Roanoke Times Copyright (c) 1995, Landmark Communications, Inc. DATE: TUESDAY, August 22, 1995 TAG: 9508230024 SECTION: WELCOME STUDENTS PAGE: WS-20 EDITION: NEW RIVER VALLEY SOURCE: WENDY L. TURNER SPECIAL TO THE ROANOKE TIMES DATELINE: LENGTH: Medium
"Hi. How are you?''
"Fi-i-ne, thank you. How are yo-u-u?''
"Very well."
The tall, blonde girl looked at me, smiled and spoke. "I've been dying to ask, are you from Georgia?''
Stunned, my lower jaw dropped as I replied, "No, I'm from Franklin County. It's about a hundred miles from here."
Thinking this person must have been from north of the Mason-Dixon line to ask such a question, I politely asked her where home was.
"Richmond."
"Oh."
This was typical of my first week, month, year at college. Actually, it lasted my entire tenure at RU.
I came to Radford University in the fall of 1988, a naive, innocent, passive 17-year-old girl from a rural area in Southwest Virginia.

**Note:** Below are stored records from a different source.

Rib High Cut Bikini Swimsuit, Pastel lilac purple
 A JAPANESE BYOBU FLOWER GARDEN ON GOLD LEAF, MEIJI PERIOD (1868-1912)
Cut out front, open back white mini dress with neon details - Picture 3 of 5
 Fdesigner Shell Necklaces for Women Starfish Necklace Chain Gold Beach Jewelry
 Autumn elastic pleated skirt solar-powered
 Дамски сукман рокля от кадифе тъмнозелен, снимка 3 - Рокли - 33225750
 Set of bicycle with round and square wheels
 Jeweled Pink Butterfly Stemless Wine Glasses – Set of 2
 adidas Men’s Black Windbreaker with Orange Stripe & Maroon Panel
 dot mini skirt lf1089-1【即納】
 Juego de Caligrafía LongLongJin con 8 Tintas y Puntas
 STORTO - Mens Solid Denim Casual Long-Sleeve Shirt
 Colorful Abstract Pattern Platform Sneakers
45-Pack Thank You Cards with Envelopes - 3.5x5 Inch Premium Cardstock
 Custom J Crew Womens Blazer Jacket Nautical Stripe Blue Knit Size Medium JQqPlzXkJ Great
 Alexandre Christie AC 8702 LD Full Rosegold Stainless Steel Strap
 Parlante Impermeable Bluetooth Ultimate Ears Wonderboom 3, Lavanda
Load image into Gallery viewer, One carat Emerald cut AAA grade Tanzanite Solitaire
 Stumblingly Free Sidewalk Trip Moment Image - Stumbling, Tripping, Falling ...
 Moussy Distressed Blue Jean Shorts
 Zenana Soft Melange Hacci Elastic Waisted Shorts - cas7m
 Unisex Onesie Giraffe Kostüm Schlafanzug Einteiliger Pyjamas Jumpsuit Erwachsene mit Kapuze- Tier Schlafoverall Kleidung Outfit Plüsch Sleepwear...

I grew up among the hills of Turkeycock Mountain between my home in Sago and my grandparents' farms in Pittsylvania County. My childhood days were spent in tobacco fields, riding my bike down dirt roads with my dog barking excitedly by my side, avoiding snakes and poison oak while I swam in the Pigg River, and playing in the stream behind my grandmother's house with my cousins and the bullfrogs.
As I hit adolescence, I began to wander into the world of pop music, make-up and parties, like all teen-agers. After high school graduation, I packed my belongings to start my new college life. I was consumed by that worn-out cliche about being ready to take on the world.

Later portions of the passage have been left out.